A solution that can meet the security concerns of today begins with the acknowledgment that cyber risks span the entire workforce. If organizations are to have any chance of standing resilient against threats, they must protect against cyberattacks continually and holistically, with enterprise-wide knowledge, skills and judgment.

Cyber Resilience as a Solution

Cyber resilience is about being able to continuously deliver business outcomes in the face of ever-changing, ever-growing risk—relying on both technical and non-technical teams for prevention, response, and remediation. In the past, this goal existed primarily within the enterprise security team—the “geeks”—but more recently, it has emerged as a holistic concern.
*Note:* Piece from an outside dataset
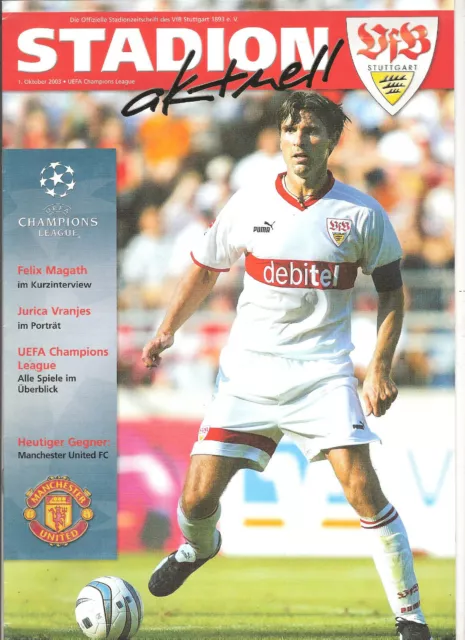 BRD Stuttgart VfB 2003/04 v Manchester United Champions League Programm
Cyber resilience lies in the hands of every business function—from the executives who must make rapid, confident decisions when facing a cyberattack, to the legal, comms and customer teams who must be able to effectively communicate the issue, to developers who must write secure code from the outset. Everyone has a part to play.

Maximizing Cyber Resilience—Step by Step

To be truly cyber resilient, an organization must be able to assess and measure workforce cyber capabilities, see exactly where their strengths and weaknesses are at any given point, and inject targeted simulations and exercises to optimize the knowledge, skills, and judgment.
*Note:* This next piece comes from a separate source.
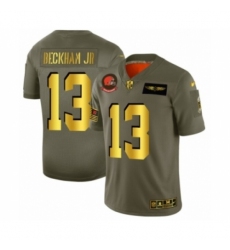 Men's Cleveland Browns #13 Odell Beckham Jr. Limited Olive Gold 2019 Salute to Service Football Jersey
Here are the three steps to achieve that:

  1. Exercise: Benchmark current knowledge, skills and judgment through realistic, role-specific cyber simulations across the entire workforce, with minimal impact on resources. Benefits:
    • Dynamic crisis scenarios that test organizational decision-making and impact against relevant threats
    • Role-specific content experiences that enable micro-drilling and generate data towards a workforce capability baseline
    • Screening functionality that demonstrates job candidates’ ability in place of a reliance on certifications and CVs
  2. Evidence: The organization must be able to easily map workforce capability data and insights to accepted risk frameworks for a real-time picture of cyber resilience and risks, benchmarked to peers. Benefits:
    • Data dashboards that organize platform telemetry by focus, visualizing knowledge, skills and judgment over time
    • MITRE | ATT&CK® framework mapping that can illustrate threat coverage and identify gaps
    • Real-time insights for up to the minute reporting and to inform strategic decision-making
  3. Equip: The organization must plug gaps in knowledge, skills and judgment using scalable content experiences tailored to each individual dependent on role and business risk. Benefits:
    • Bite-sized labs and content series for targeted upskilling across multiple individuals, teams, and roles
    • Complex environments for the realistic exploration of emerging threats by security teams
    • Customizable crisis scenarios to continuously refine confidence and points of weakness in incident response

Together, more resilient.

Bottom line—cyber workforce optimization is critical for organizations to continually protect against, and effectively respond to, the growing number of cyberattacks.

Cyber Workforce Optimization is a single solution that enables organizations to continually exercise teams relevant to their role to get the evidence they need about where they stand, and equips them with knowledge, skills and judgment.

The result—organizations can be confident that their workforce has the knowledge, skills, and judgment to stand up to every cyber threat, every time.